Sammy says good-bye and Johnson logs No. 300. Coincidence?

Most of the commentary surrounding Randy Johnson’s 300th victory last week centered on the very real possibility that he might be the last guy for awhile to top that magic…
By Tom Bartsch
JUN 8, 2009

Most of the commentary surrounding Randy Johnson’s 300th victory last week centered on the very real possibility that he might be the last guy for awhile to top that magic number, but I like another angle.

I’m more fascinated by the link – conceivably unrelated – between Johnson’s late-career dominance and the steroid era that seemingly has distorted home run statistics for the better part of a decade. I mention that because at just about the same time that Randy was nailing down No. 300, Sammy Sosa was announcing that he was officially retired from Major League Baseball.

I figure that’s kinda like a reverse of the Brett Favre Retirement Plan, i.e. announcing that you’re no longer playing several years after you’ve stopped playing. Anyway, Sammy made it official and took note to point out his ascension to Cooperstown should follow in the the conventional fashion. Loosely translated: Freedom’s on the march, or if I say something often enough, perhaps all concerned will start to believe it.

It could just be coincidence, but Johnson’s leap from being merely a dominant, scary pitcher to the ranks of the all-time greats neatly matched the home run sodden years of the late 1990s and early 2000s. Even if it is, he was good enough over that span to guarantee Cooperstown, and the inclusion of the magic No. 300 was simply icing on the cake. He was headed for a plaque even if he had ended up with just 299 wins.

But for Sammy it’s going to be even more interesting when the vote comes around. As he is fully warranted in pointing out, he’s never been officially linked to PEDs, but the caveat of “official” has taken an awful beating with the revelations of the past five years.

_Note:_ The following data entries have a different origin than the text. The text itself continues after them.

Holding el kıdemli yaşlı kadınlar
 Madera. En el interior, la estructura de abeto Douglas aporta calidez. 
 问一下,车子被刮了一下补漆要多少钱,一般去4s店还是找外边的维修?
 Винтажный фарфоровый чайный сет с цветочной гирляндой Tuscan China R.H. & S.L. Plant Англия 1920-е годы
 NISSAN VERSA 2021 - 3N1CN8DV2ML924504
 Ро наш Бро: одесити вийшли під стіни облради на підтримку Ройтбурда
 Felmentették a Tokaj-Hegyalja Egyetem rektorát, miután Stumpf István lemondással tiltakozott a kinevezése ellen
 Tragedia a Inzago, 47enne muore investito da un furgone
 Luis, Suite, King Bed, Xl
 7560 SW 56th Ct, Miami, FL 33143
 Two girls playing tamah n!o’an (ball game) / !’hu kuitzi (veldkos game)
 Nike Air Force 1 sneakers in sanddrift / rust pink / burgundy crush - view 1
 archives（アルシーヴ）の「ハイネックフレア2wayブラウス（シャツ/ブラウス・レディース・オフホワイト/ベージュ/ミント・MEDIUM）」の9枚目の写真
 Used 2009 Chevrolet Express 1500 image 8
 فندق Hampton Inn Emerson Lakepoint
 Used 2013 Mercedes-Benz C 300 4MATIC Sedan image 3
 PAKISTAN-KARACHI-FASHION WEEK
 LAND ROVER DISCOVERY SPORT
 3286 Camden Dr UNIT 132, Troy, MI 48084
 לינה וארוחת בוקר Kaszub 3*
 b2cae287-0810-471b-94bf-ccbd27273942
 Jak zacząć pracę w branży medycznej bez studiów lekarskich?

Ultimately, Sosa will end up being a great test of the conventional wisdom that simply being linked in any fashion to the steroids mess – or merely having smacked a big pile of home runs during the 1994-2003 span – can be enough to derail a trip to Cooperstown. Actually, it’s more than conventional wisdom: Mark McGwire, whose only real sin was allowing himself to be hornswoggled into self-incrimination by a McCarthy-like Congressional subcommittee, has managed less than 25 percent of the BBWAA votes in his first three years on the ballot.

Now there’s some irony: being linked to McGwire and that once-glorious summer could be the roadblock to immortality rather than the supercharged vehicle that it once appeared to be.